DATA SUPPLIED =
....

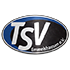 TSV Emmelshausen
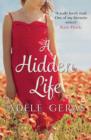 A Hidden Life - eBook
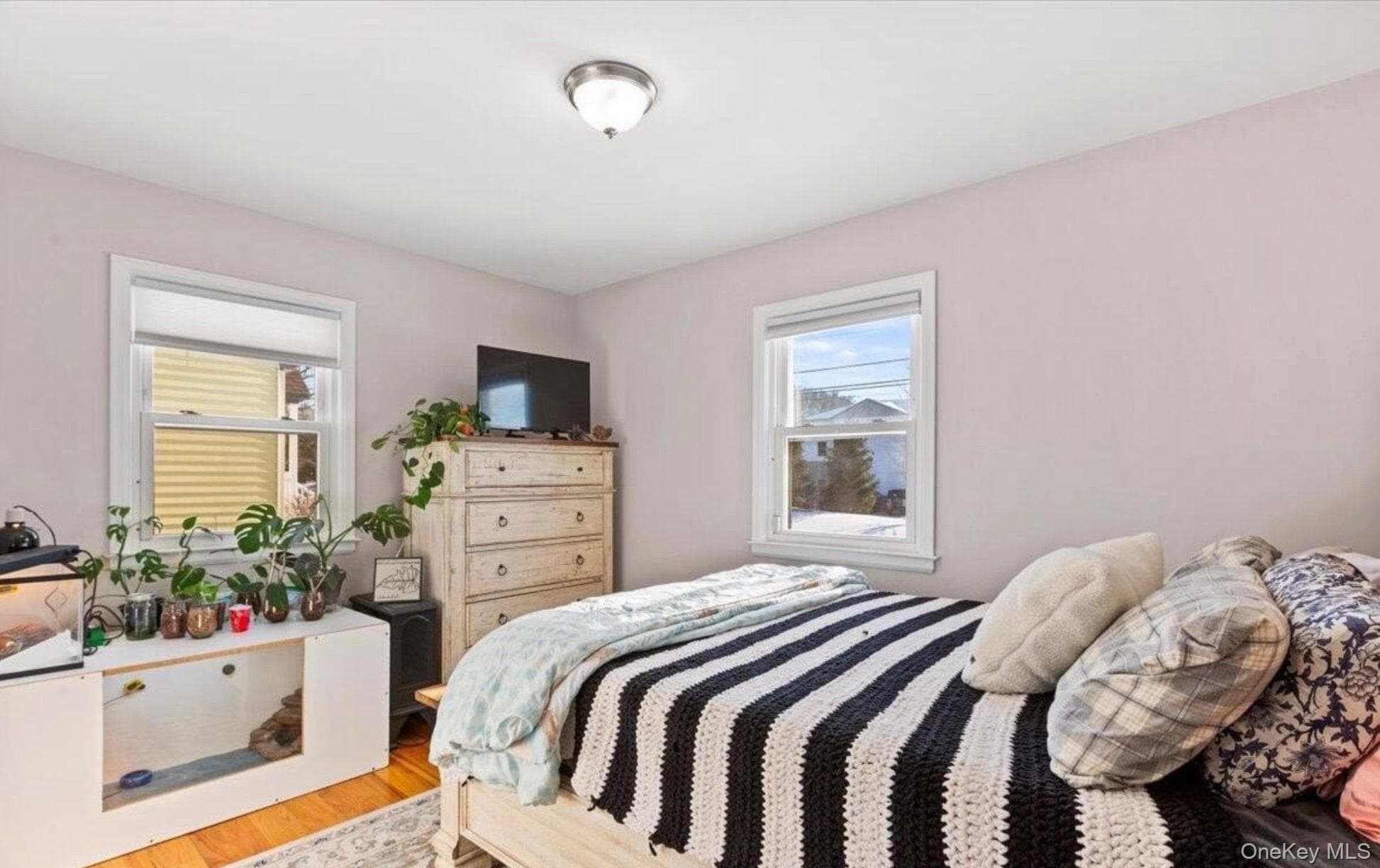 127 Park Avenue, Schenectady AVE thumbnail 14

....

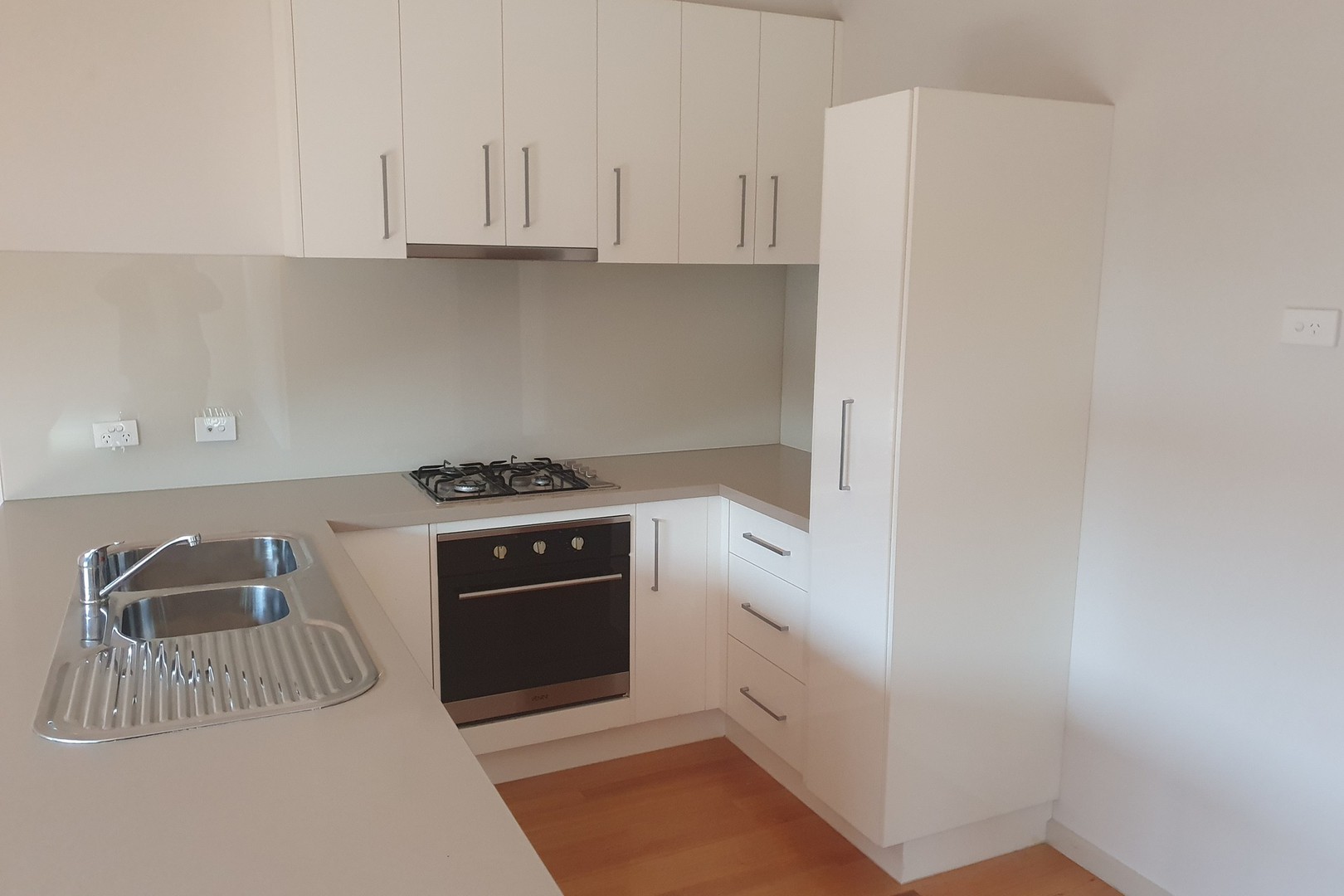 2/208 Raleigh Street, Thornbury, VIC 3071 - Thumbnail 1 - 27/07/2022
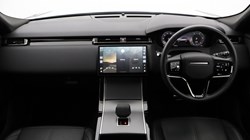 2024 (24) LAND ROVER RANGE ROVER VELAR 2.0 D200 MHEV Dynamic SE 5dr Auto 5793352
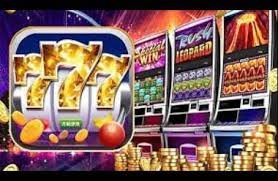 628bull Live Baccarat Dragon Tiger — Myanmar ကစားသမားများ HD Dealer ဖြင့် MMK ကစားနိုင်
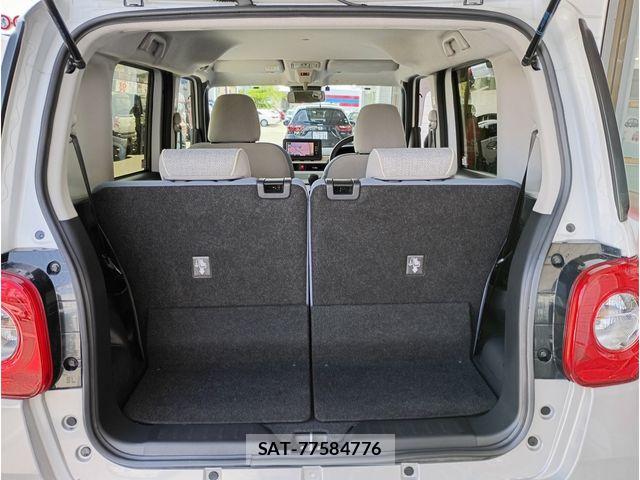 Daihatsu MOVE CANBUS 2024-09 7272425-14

....

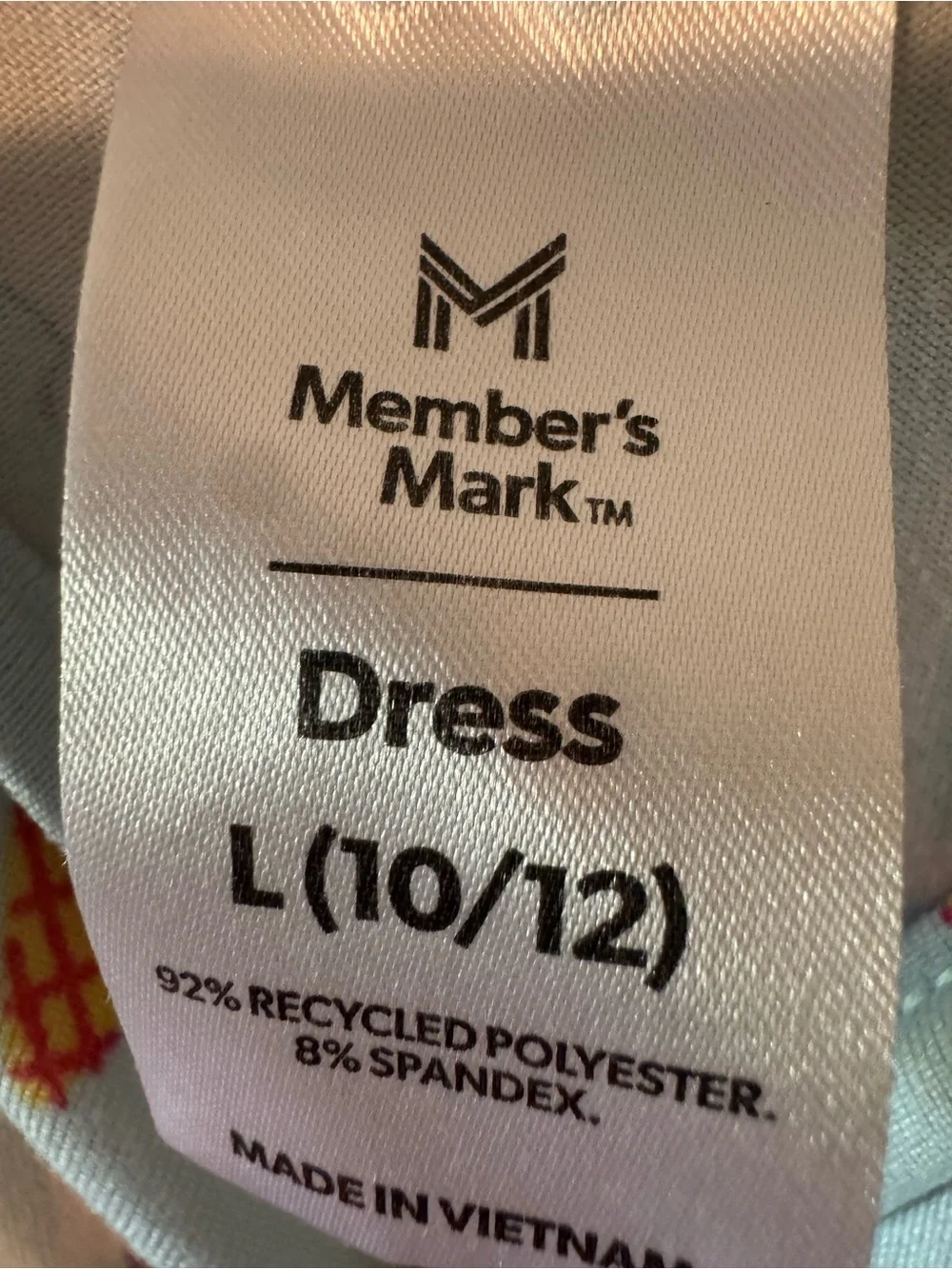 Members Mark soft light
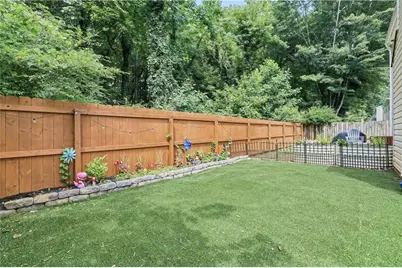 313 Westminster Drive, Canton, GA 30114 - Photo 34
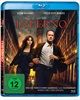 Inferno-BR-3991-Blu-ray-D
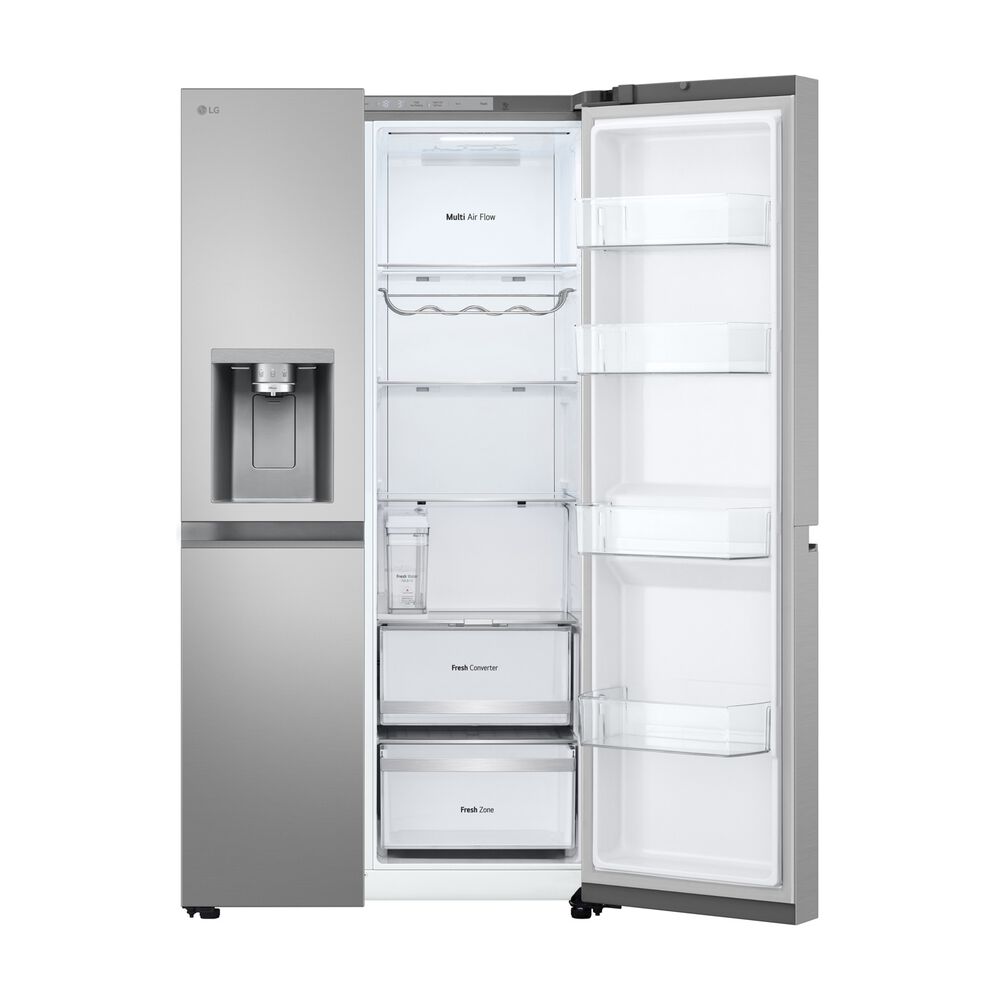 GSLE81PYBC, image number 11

....

DIRECTIONS FOR THIS TASK =
Write out, word for word, the stretch of entries that begins at the line with "TSV Emmelshausen" and ends at the line with "127 Park Avenue, Schenectady". Pictures do not belong in it.

SOLUTION TO THE PROBLEM =
 TSV Emmelshausen
 A Hidden Life - eBook
 127 Park Avenue, Schenectady AVE thumbnail 14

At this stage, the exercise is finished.